Por Mica Rosenberg e Kristina Cooke
NOVA YORK/SÃO FRANCISCO (Reuters) - O governo do presidente norte-americano Donald Trump mudou as diretrizes para o treinamento de funcionários que trabalham com pedidos de asilo, de modo que pessoas em busca de refúgio nos Estados Unidos podem ter mais dificuldade para passar nos estágios iniciais de avaliação.
As mudanças no plano de aulas usado por centenas de agentes indicam que o governo Trump busca novas maneiras de restringir as pessoas elegíveis para asilo, após medidas nesse sentido terem sido rejeitadas em cortes federais, disseram ex-funcionários do governo dos EUA e especialistas em imigração que analisaram o plano interno ao qual a Reuters teve acesso.
As modificações podem levar a um aumento no número de negativas e deportações antes que os pedidos possam ser analisados mais profundamente, avaliaram.
Jessica Collins, porta-voz para o Serviço de Cidadania e Imigração dos EUA (USCIS, na sigla em inglês), responsável por processar os pedidos de asilo, disse que a agência atualiza periodicamente seus documentos de treinamento, e que analisa todos as solicitações caso a caso.
O plano de aulas foi revisado em 2006, 2014 e fevereiro de 2017. A nova versão data de 30 de abril e passa a vigorar neste mês, informou.

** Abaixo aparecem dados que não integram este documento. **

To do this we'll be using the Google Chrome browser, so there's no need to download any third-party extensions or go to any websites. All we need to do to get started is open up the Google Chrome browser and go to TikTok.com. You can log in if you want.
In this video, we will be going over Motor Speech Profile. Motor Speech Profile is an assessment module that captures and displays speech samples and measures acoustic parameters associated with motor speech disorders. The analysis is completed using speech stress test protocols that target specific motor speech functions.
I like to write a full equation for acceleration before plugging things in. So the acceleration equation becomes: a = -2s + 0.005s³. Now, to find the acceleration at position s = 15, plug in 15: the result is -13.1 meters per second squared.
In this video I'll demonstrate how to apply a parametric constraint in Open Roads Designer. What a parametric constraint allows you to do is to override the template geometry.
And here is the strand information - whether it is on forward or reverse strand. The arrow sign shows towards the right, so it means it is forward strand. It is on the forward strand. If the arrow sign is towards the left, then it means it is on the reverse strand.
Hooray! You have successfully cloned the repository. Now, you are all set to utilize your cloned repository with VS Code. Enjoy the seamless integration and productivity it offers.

Um crescente número de famílias, sobretudo da América Central, tem se entregue a agentes de fronteira e pedido por asilo, o que tem pressionado a capacidade das agências responsáveis pela área nos EUA. Em março, mais de 100 mil pessoas foram capturadas na fronteira com o México, o maior nível mensal em mais de uma década.

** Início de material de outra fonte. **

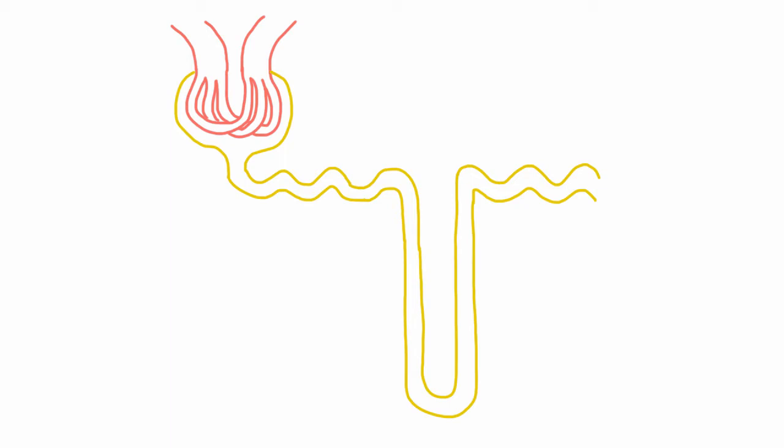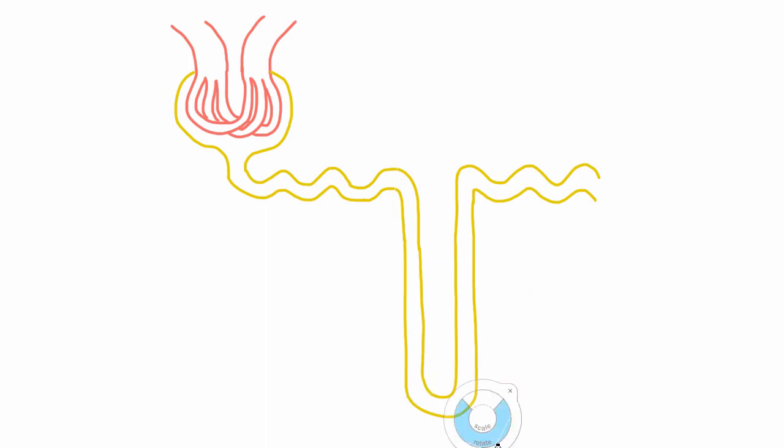And if we're going to do that, this is a good time to admit that we've been drawing the loop of Henle a little less precisely than we could. So let's cut this off and draw it the way it should be drawn.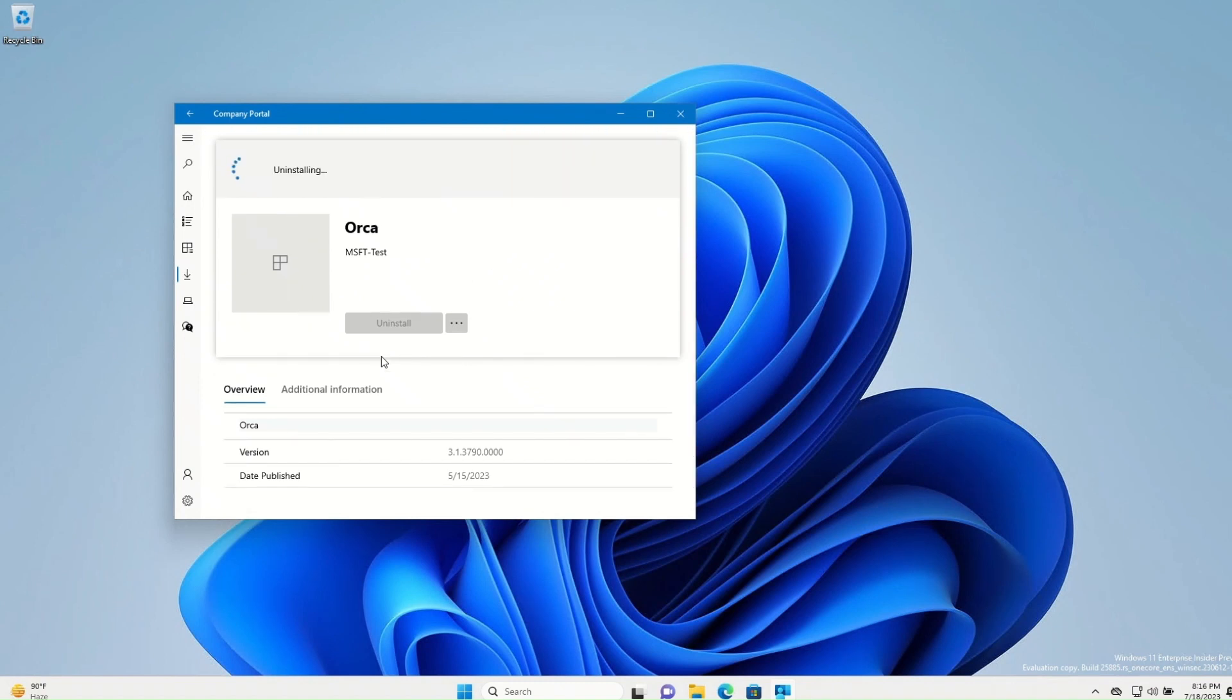This way users can manage their self-service apps and easily remove apps when they no longer need them.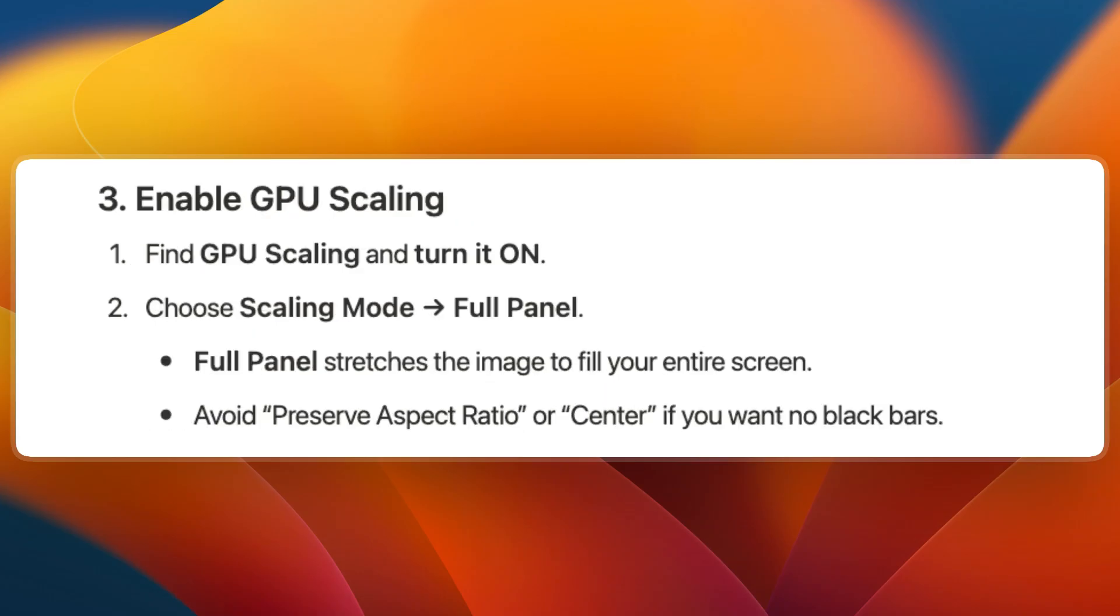Then enable GPU Scaling. Find GPU Scaling and turn it on. Then choose the Scaling Mode: Full Panel. Full Panel stretches the image to fill your entire screen. Avoid Preserve Aspect Ratio or Center if you want no black bars.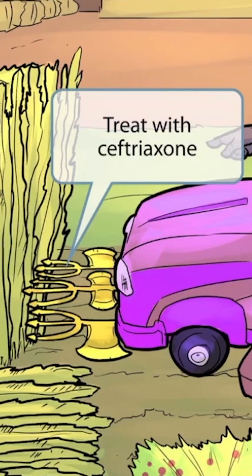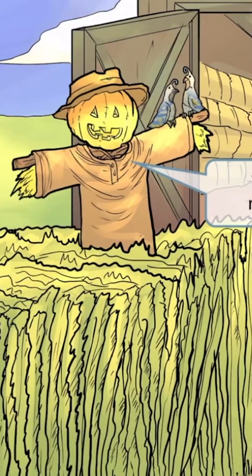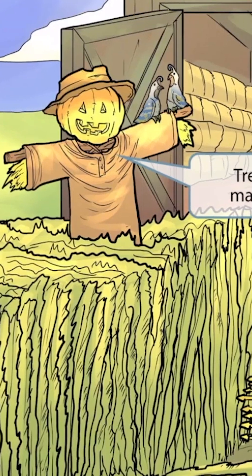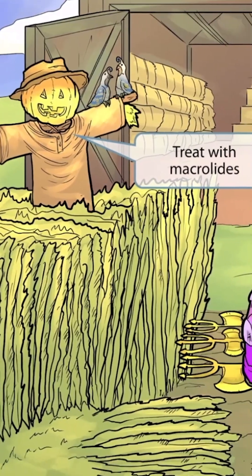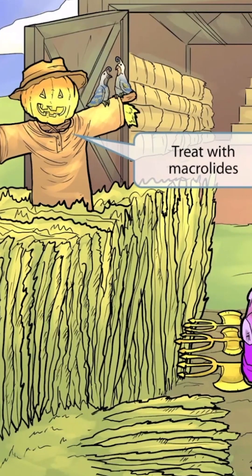Ceftriaxone is one of the drugs commonly used to treat streptococcus pneumoniae. We've also added this scarecrow in the field, which appears to be doing a poor job scaring away the birds. The scarecrow is our symbol for macrolides — 'crow' sounds like 'macro,' so a scarecrow seems fitting for this class of drugs.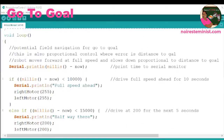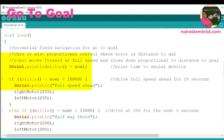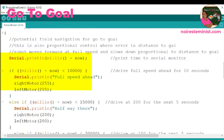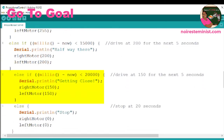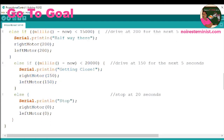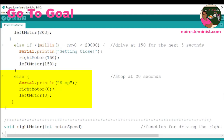This loop implements proportional control — potential field navigation for go-to-goal. The first thing it does is find the difference between the current time and the beginning of the code run time. If that time is less than 10 seconds, the robot moves full speed ahead. If it's less than 15 seconds, the robot is halfway there, so it slows down. If that time is less than 20 seconds, the robot is getting close, so it slows down a little bit more. And then once it is greater than 20 seconds, the robot stops.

O presidente dos EUA, Donald Trump, alega que os migrantes exploram “brechas” nas leis de imigração e que muitos pedidos de asilo são fraudulentos.

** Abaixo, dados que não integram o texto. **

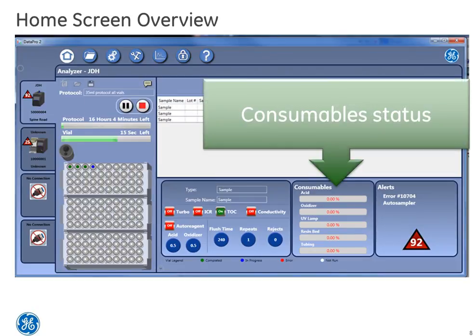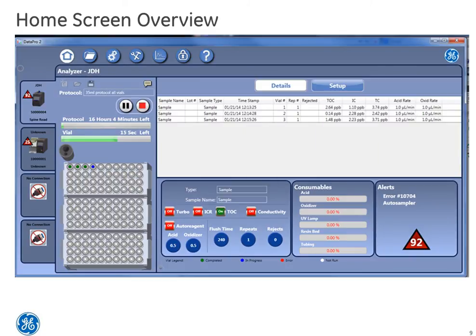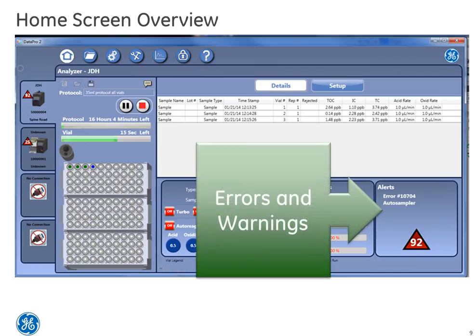To the right, you will see the consumable status display. And finally, the errors and warning icon. Both displays are critical for productivity of the instrument.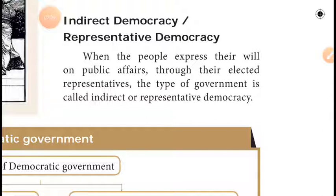Indirect democracy, also called representative democracy, is when people express their will on public affairs through elected representatives. Unlike direct democracy where people approach the government directly, in indirect democracy people express their ideas and will through representatives only. Such government is called representative democracy or indirect democracy.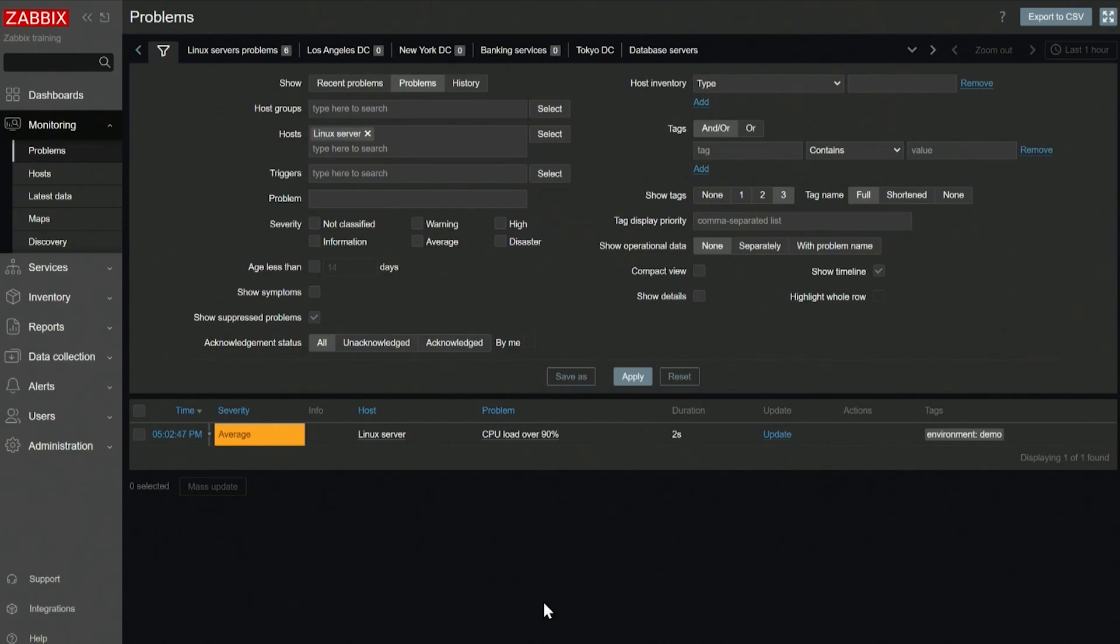In today's video, let's talk about the difference between closing a problem and suppressing a problem in Zabbix. On the screen right now, you can see we have a problem on our Linux server.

O primeiro passo no processo de asilo dos EUA é uma entrevista com agentes da USCIS especialmente treinados sobre a legislação de imigração e asilo, com o objetivo de determinar se o migrante tem um “temor crível” de retornar a seu país.
Se passarem pela primeira etapa, que é menos exigente, os postulantes seguem para cortes de imigração, onde um juiz pode lhes conceder asilo se provarem que são perseguidos por causa de sua raça, religião, nacionalidade, opinião política ou por pertencerem a um grupo social em particular.
Cerca de 75 por cento dos milhares de postulantes mensais costumam passar pela entrevista sobre o “temor crível”, de acordo com dados do governo. Mas a maioria dos migrantes da América Central, que fogem da violência e corrupção generalizadas, não conseguem asilo.
Trump tem dito que os padrões de entrada nos EUA são lenientes demais.
O plano de aula revisado é “um significativo e perturbador passo para tornar mais difícil passar pelas entrevistas de temor crível”, disse Victoria Neilson, que trabalhou na divisão de refúgio e asilo da USCIS durante o governo de Barack Obama.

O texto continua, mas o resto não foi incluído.